結局のところ、手術してキズ口を広げただけ。
骨がヌカに釘なのですから、そもそも手術をすること自体間違っています。
骨粗しょう症による骨折は身体障害に直結しやすい

骨粗しょう症は、分かりづらく骨折してはじめて知る人も多いと聞きます。
母もその一人ですが、発覚したときにはすでに重症化していました。
骨粗しょう症が、重症化しているとどうなるのか?
リハビリが遅れる原因になる
高齢者の骨折で、気を付けなければならないこと。
それは、身体を動かせなくなる期間が長くならないことです。
母が経験した、骨粗しょう症が引き起こす負の連鎖です。
- 骨のつきが悪いと、早期にリハビリができなかったり、そもそもリハビリができないこともある。
- リハビリが遅れると、筋肉量が減少してしまう。
- 一旦、無くした筋肉を元に戻すことは困難。
リハビリは、出来るだけ早くとはよく聞く言葉ですが、身体を動かさなくなると筋肉はすぐに落ちます。

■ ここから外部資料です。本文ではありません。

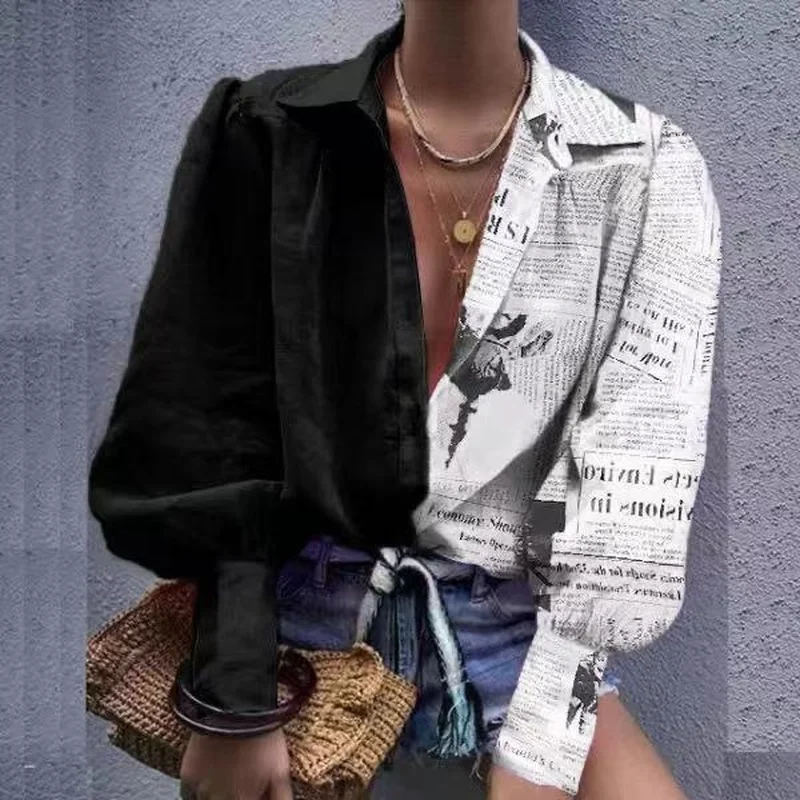 

Fashion Women's Blouse New Summer Casual Hot Sale Lapel Single-breasted Printing Color Matching Long-sleeved Blouse Donsignet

特に、高齢者は筋肉の低下が早く、母も骨折した右足だけでなく左足の筋肉まであっという間に削げ落ちてしまいました。
手術ができない原因になる
骨粗しょう症が重症化すると、手術ができないケースが出てきます。
手術が必要なのに、できないとどうなるのか?
母の右上腕骨折のように、骨を元に戻すことなく固定して「日にち薬」でつなぐことになります。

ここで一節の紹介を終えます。